- _Exercise goal_: If a record holds a picture, leave the picture out and repeat everything else exactly.
____________________
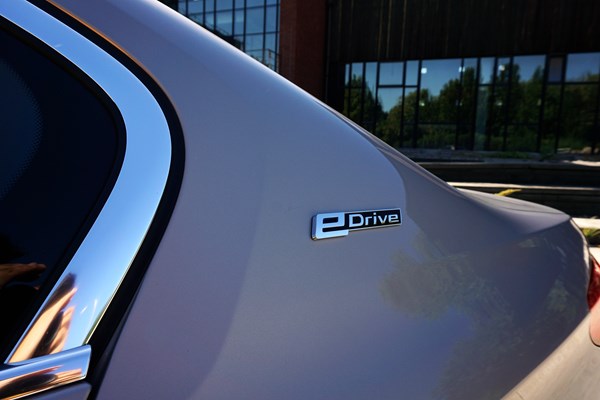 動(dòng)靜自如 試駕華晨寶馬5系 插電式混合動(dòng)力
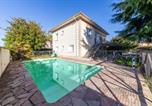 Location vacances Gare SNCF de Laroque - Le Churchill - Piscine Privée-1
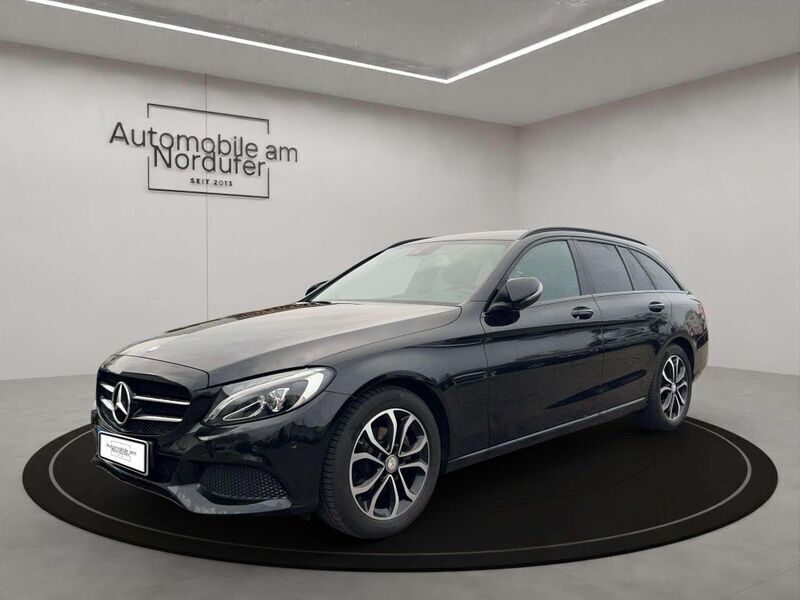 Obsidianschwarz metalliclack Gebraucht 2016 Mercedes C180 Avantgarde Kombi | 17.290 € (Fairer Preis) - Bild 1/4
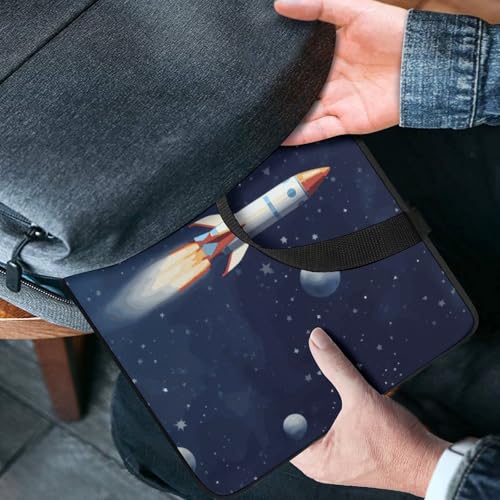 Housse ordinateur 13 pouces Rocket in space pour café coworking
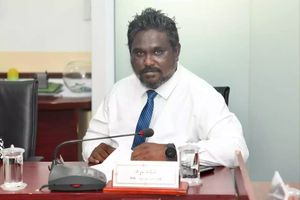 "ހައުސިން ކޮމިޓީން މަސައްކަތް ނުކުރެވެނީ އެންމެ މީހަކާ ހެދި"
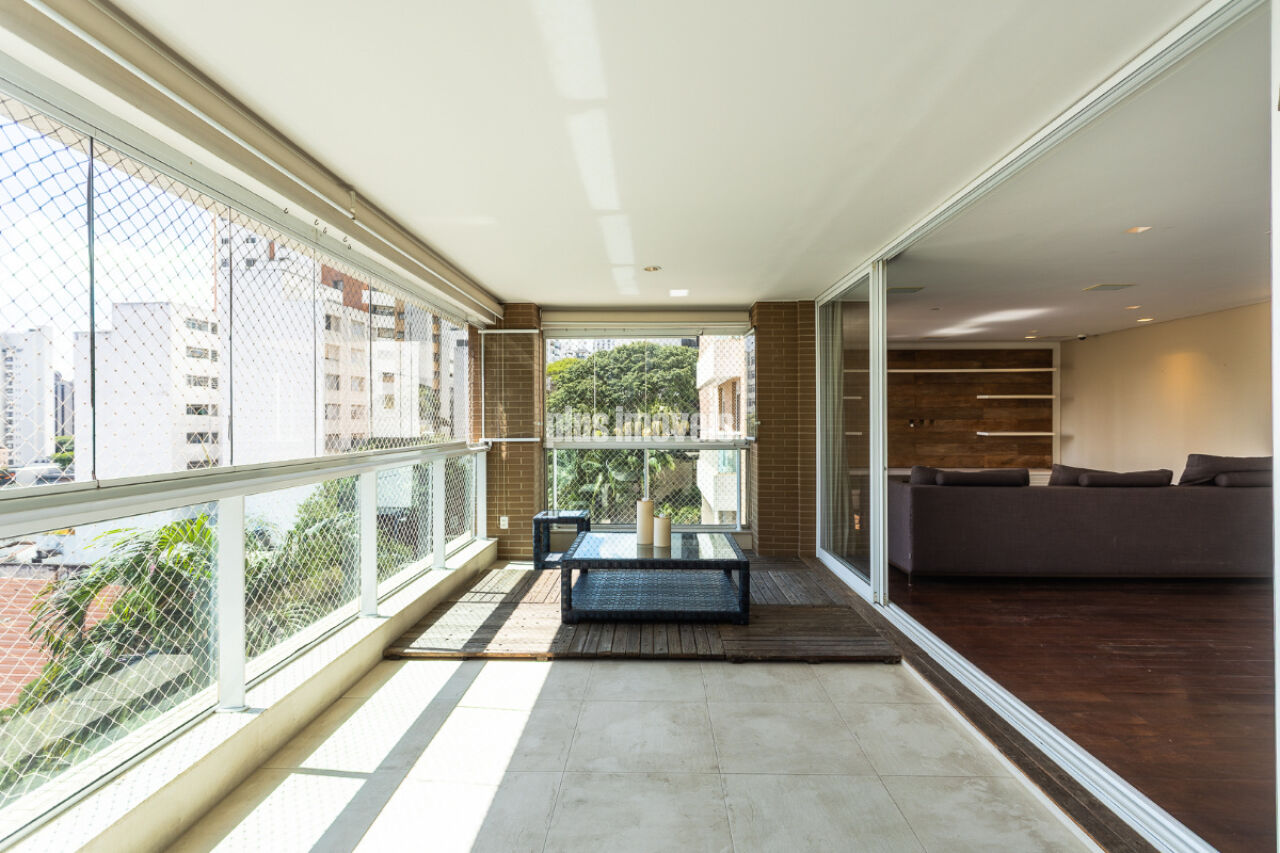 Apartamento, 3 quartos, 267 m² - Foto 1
____________________
- _Solution_:
 動(dòng)靜自如 試駕華晨寶馬5系 插電式混合動(dòng)力
 Location vacances Gare SNCF de Laroque - Le Churchill - Piscine Privée-1
 Obsidianschwarz metalliclack Gebraucht 2016 Mercedes C180 Avantgarde Kombi | 17.290 € (Fairer Preis) - Bild 1/4
 Housse ordinateur 13 pouces Rocket in space pour café coworking
 "ހައުސިން ކޮމިޓީން މަސައްކަތް ނުކުރެވެނީ އެންމެ މީހަކާ ހެދި"
 Apartamento, 3 quartos, 267 m² - Foto 1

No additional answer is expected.